Wen Yunchao at his apartment in Hong Kong. By BROOK LARMER
Published: October 26, 2011
The cellphone vibrated softly, insistently, echoing off the whitewashed walls of the artist’s studio. It was a Sunday morning in early April, and Wang Bo — an Internet animator better known to his legions of online fans by his nickname, Pi San — ignored the call at first. He wanted no intrusions. A compact 40-year-old with short-cropped hair and arched eyebrows that give him a look of permanent bemusement, Pi San is most famous for creating a mischievous cartoon character named Kuang Kuang, but he earns money by making animations for corporations, and he was on a deadline. Pi San had bicycled to his studio in a defunct factory building on the outskirts of Beijing that morning, hoping to finish up some work in peace. But the buzzing of the phone didn’t stop.
The moment Pi San picked up, the caller blurted out the news: State security agents had just detained Ai Weiwei, China’s most famous contemporary artist and a government critic. Pi San spat out a profanity. Over the previous six weeks, hundreds of bloggers — lawyers, activists, journalists — had vanished into police custody in one of the harshest assaults on social activism in decades. Now they had Ai — fat, brilliant, bombastic and internationally renowned. If Ai could be arrested, was any independent thinker in China safe?
Pi San had reason to be scared. He and Ai were friends. A few weeks earlier, over lunch, the two artists talked about collaborating on a satirical Internet animation. Though a bit wary of Ai’s Web activism, Pi San admired his daring solo exhibitions in New York, Berlin and London. The most recent show had consisted of 100 million sunflower seeds made of porcelain, laid out across the floor of the Tate Modern, which visitors were invited to walk upon. Some considered the seeds to be symbols of the downtrodden Chinese people.

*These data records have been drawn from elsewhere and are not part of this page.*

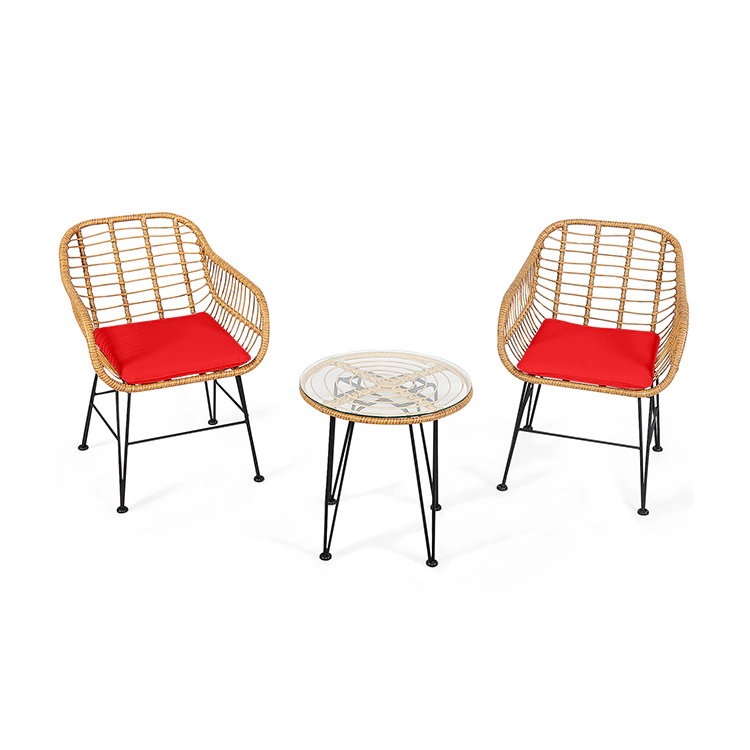 SUGIFT 3-Piece Red Wicker Patio Conversation Set with Cushions and Round Tempered Glass Table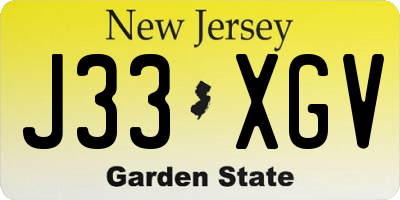 NJ license plate J33XGV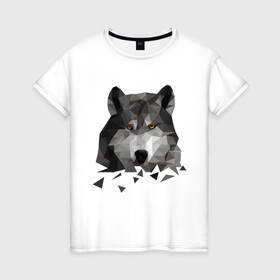Женская футболка хлопок с принтом Полигональный Волк в Санкт-Петербурге, 100% хлопок | прямой крой, круглый вырез горловины, длина до линии бедер, слегка спущенное плечо | волк | дикий | животные | зверь | одинокий | полигональный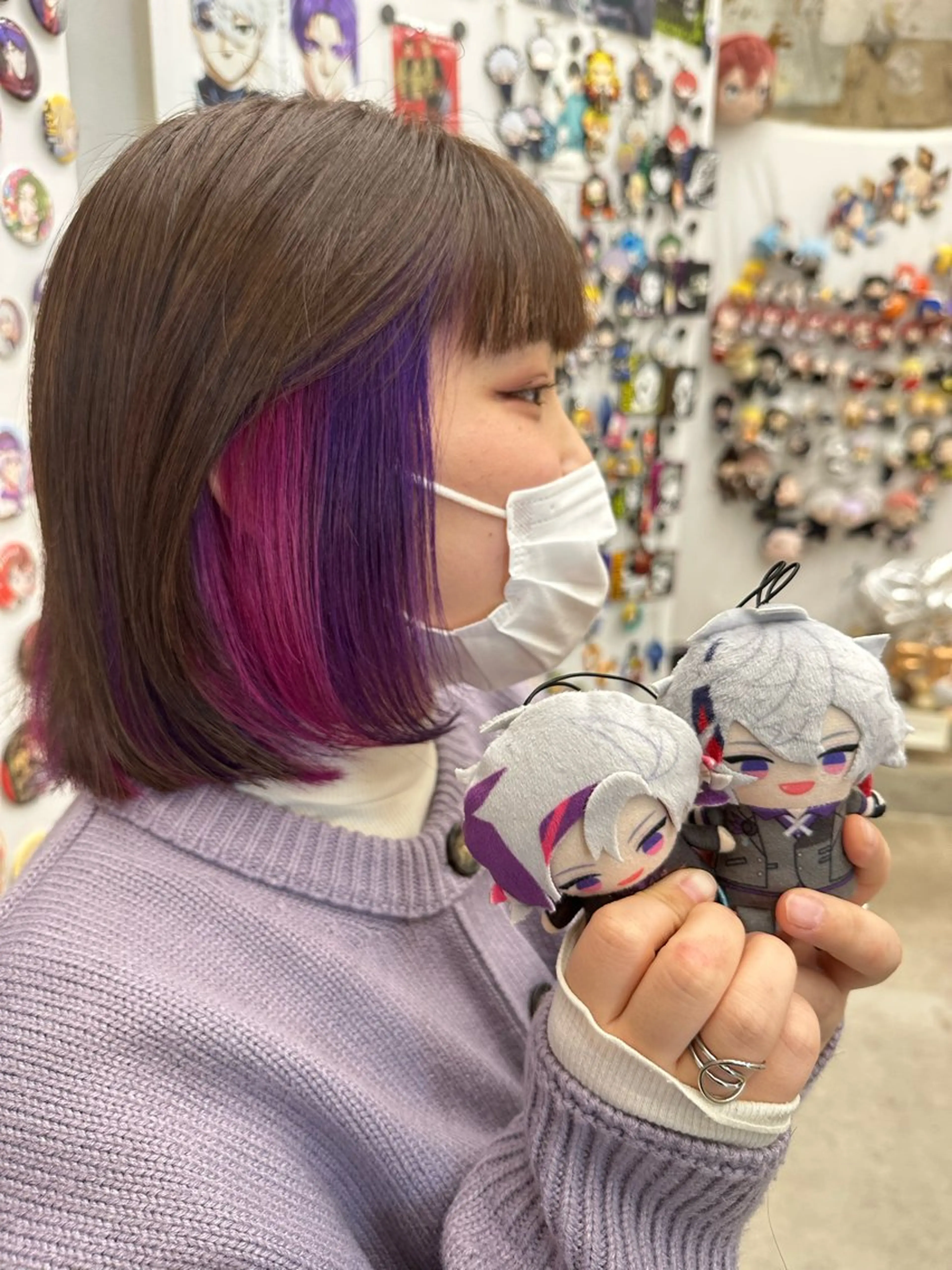 ミディアム カラー ブリーチ ケアブリーチ グラデーションカラー インナーカラー ピンクカラー あらげ 🌈推しカラー🌈ᵕのヘアスタイル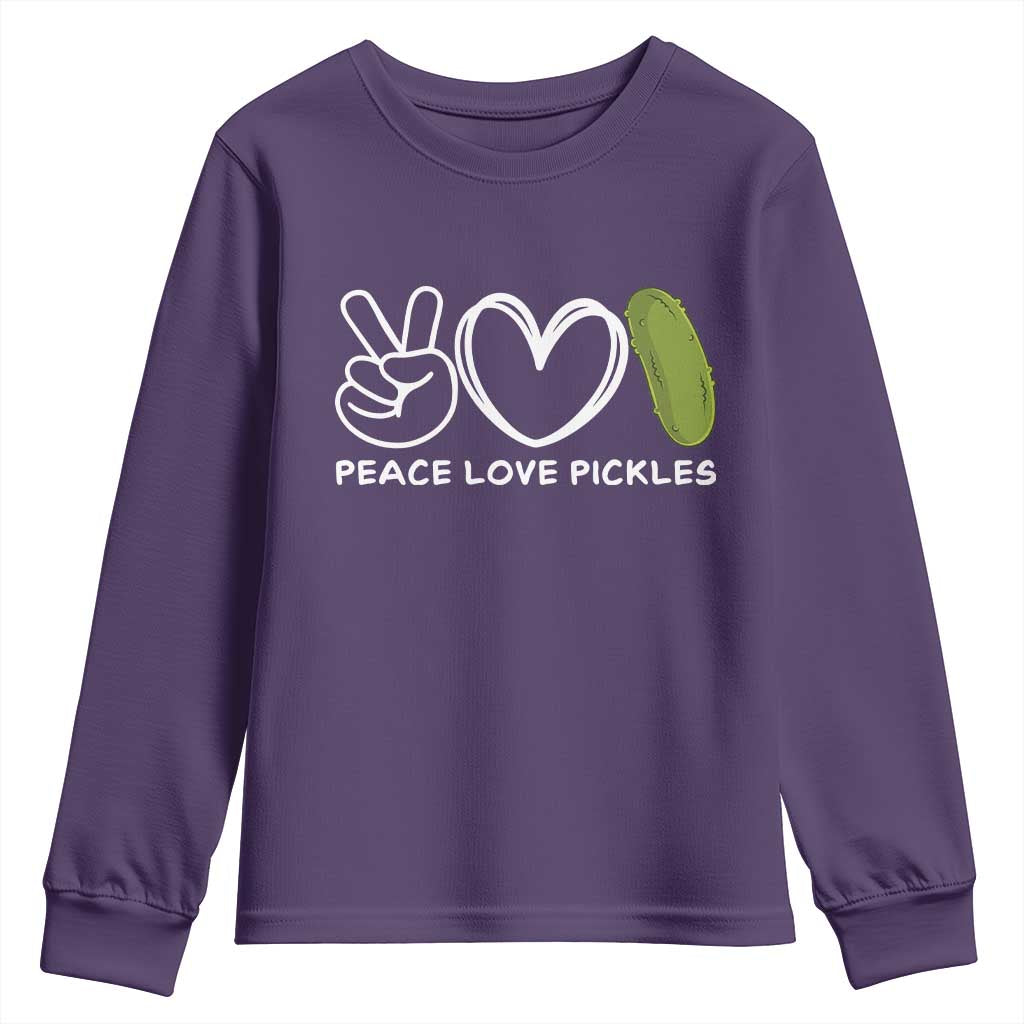 Peace Love Pickles Youth Sweatshirt TS10 Purple Print Your Wear
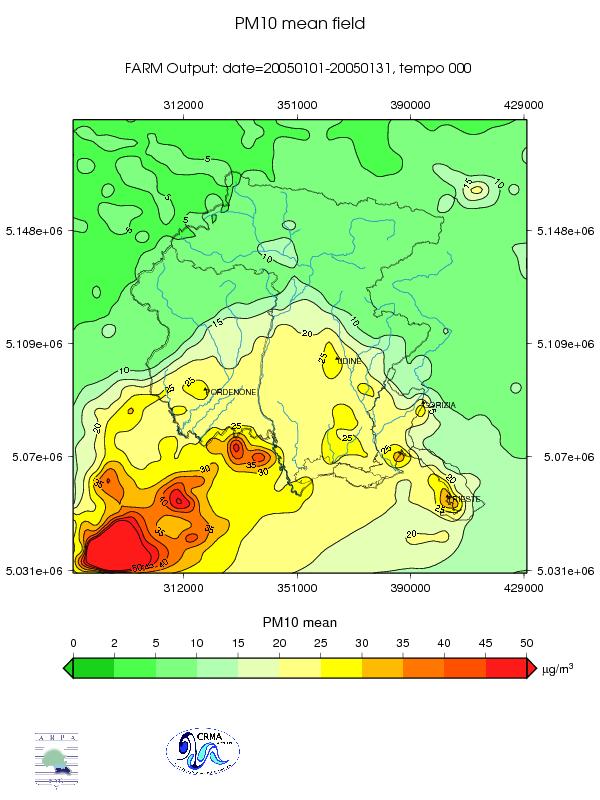 Figura 3 - Concentrazioni medie mensili di gennaio del PM10 tenendo conto di tutte le emissioni regionali ed extra-regionali (pannello di sinistra) e tenendo conto delle sole emissioni regionali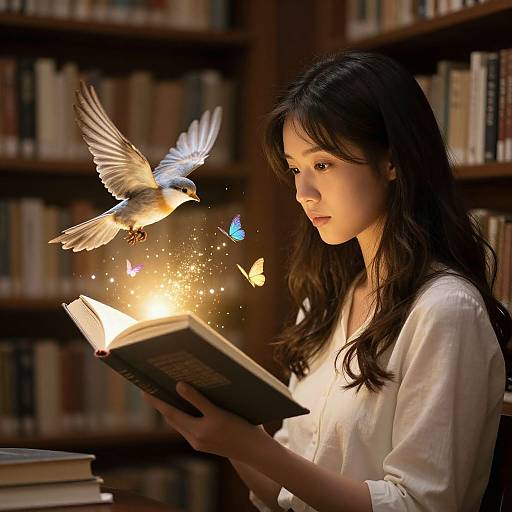 Photograph of an Asian woman with long black hair, wearing a white blouse, reading an open book in a library. A bird with glowing wings and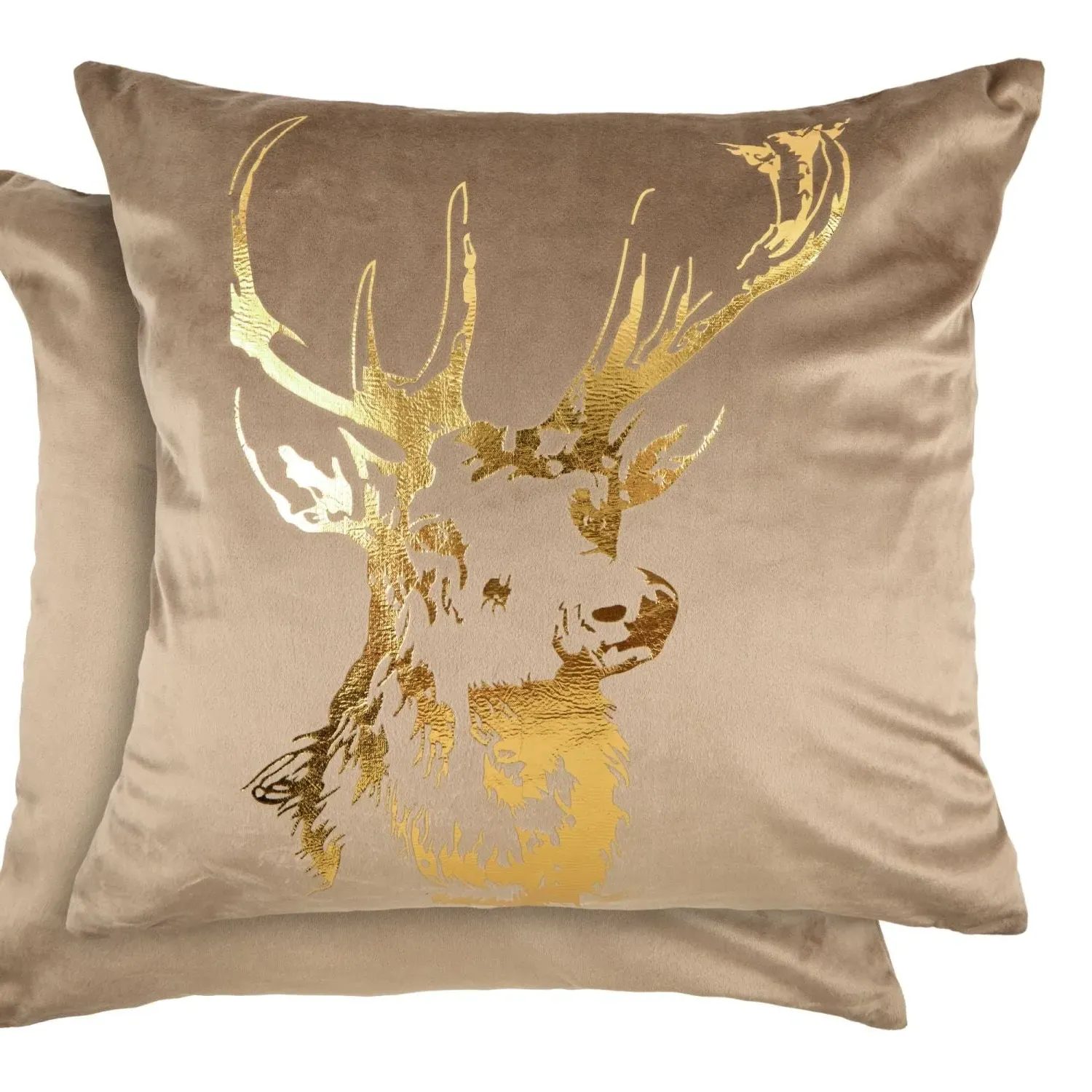 Square Cushion Cover Pair with Stag - Natural, Velvet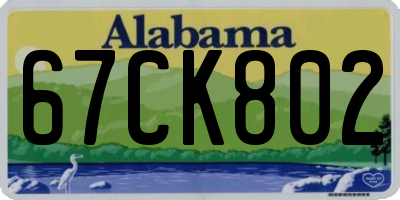AL license plate 67CK802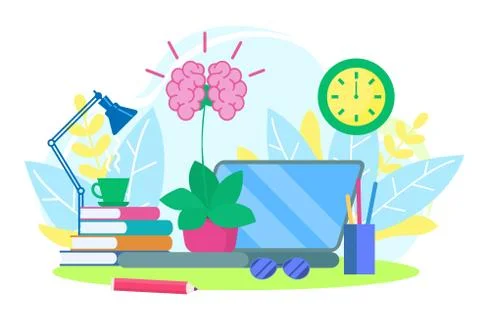 Intelligence development, vector illustration. On table flower pot shape human Stock Illustration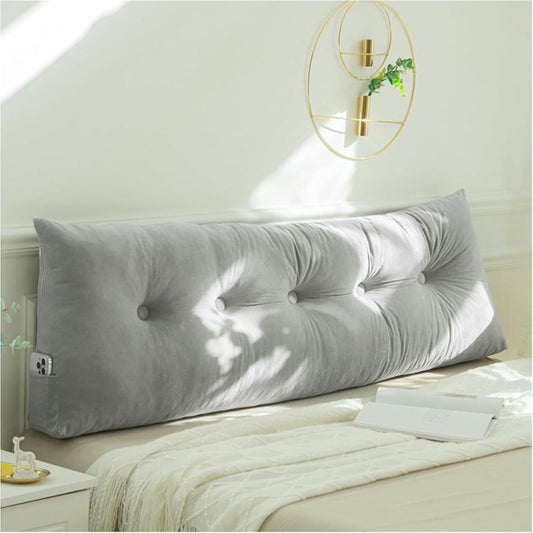 Queen Triangle Wedge Headboard Pillow, Headboard Wedge Pillow Bed Reading Pillow, Wedge Pillow for Headboard Large Bolster for Bed Rest Reading Pillows Backrest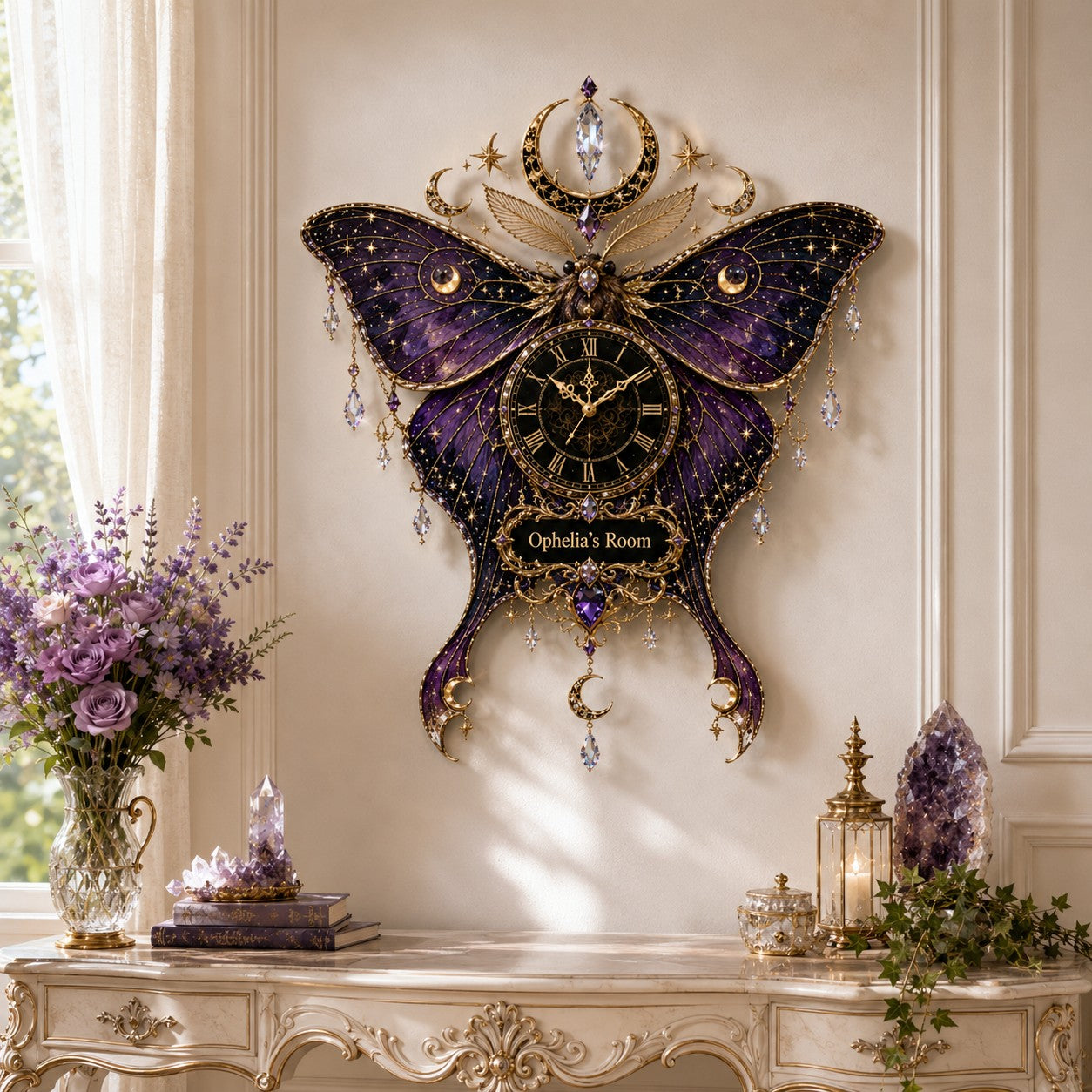 Moon moth Custom Name Wall Clock — personalized with a custom name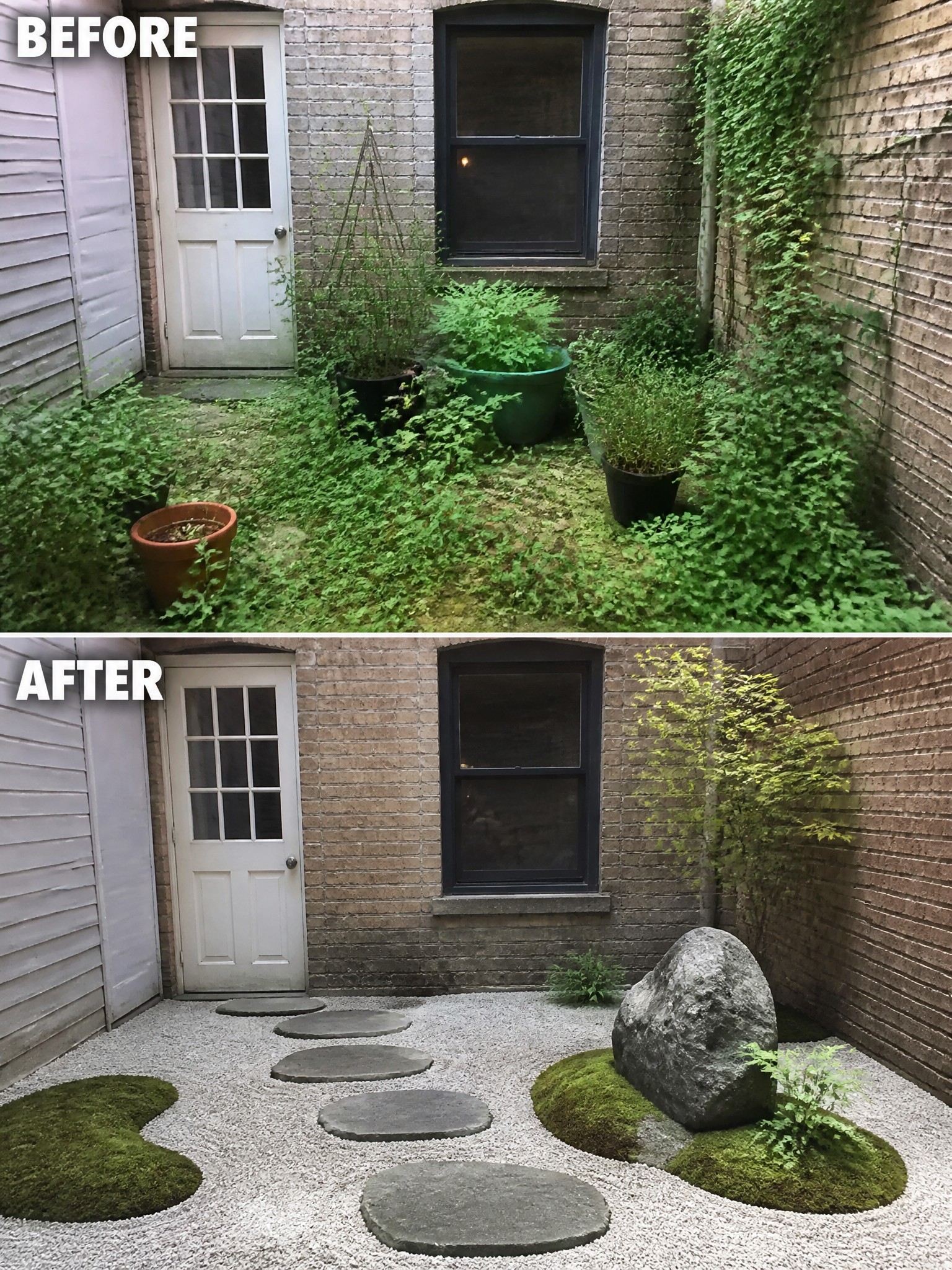 Before-and-after image of an overgrown courtyard transformed into a gravel space with stepping stones, moss patches, and a large rock.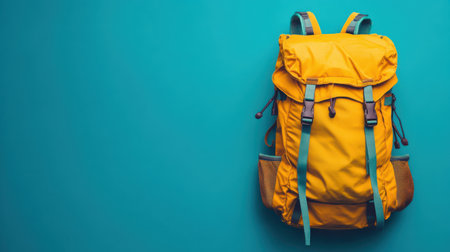 Stylish yellow backpack with pockets and buckles isolated on a vibrant blue background. Ideal for travel or back to school. Minimalist concept copy space for text or advertisement.の素材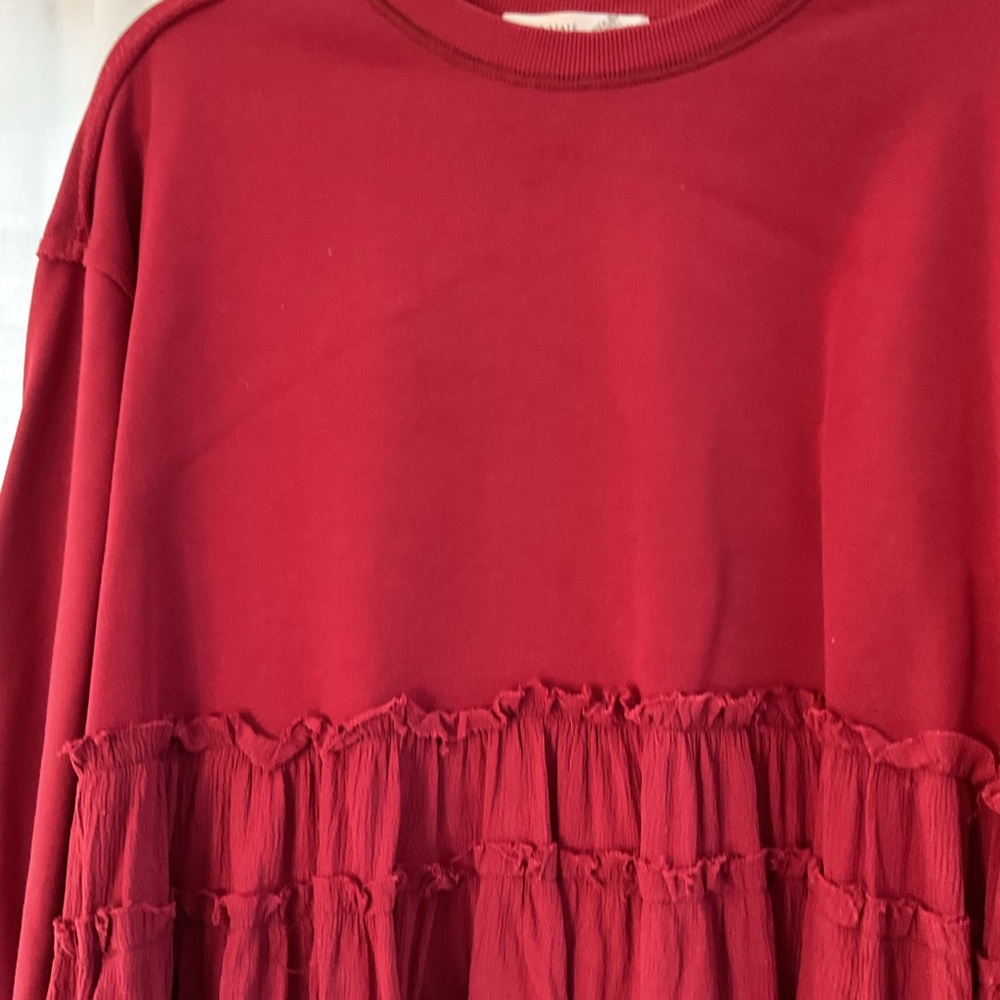 Altar'd State Ruffled Hem Pullover - Crimson - Picture 2 of 4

Despite his fear, Pi San quickly posted the news about Ai’s detention on Sina Weibo, China’s closely monitored equivalent of Twitter and the fastest-growing Internet platform in the world. An invisible censor deleted the message in seconds. He then tried posting, without comment, a cartoon drawing of Ai, the better to evade China’s word-sensitive filtering software. But the image disappeared, too — a sign that a human being, not computer software, had deleted the drawing. Pi San told his Weibo followers: “Again I was ‘harmonized.’ It’s just a picture!”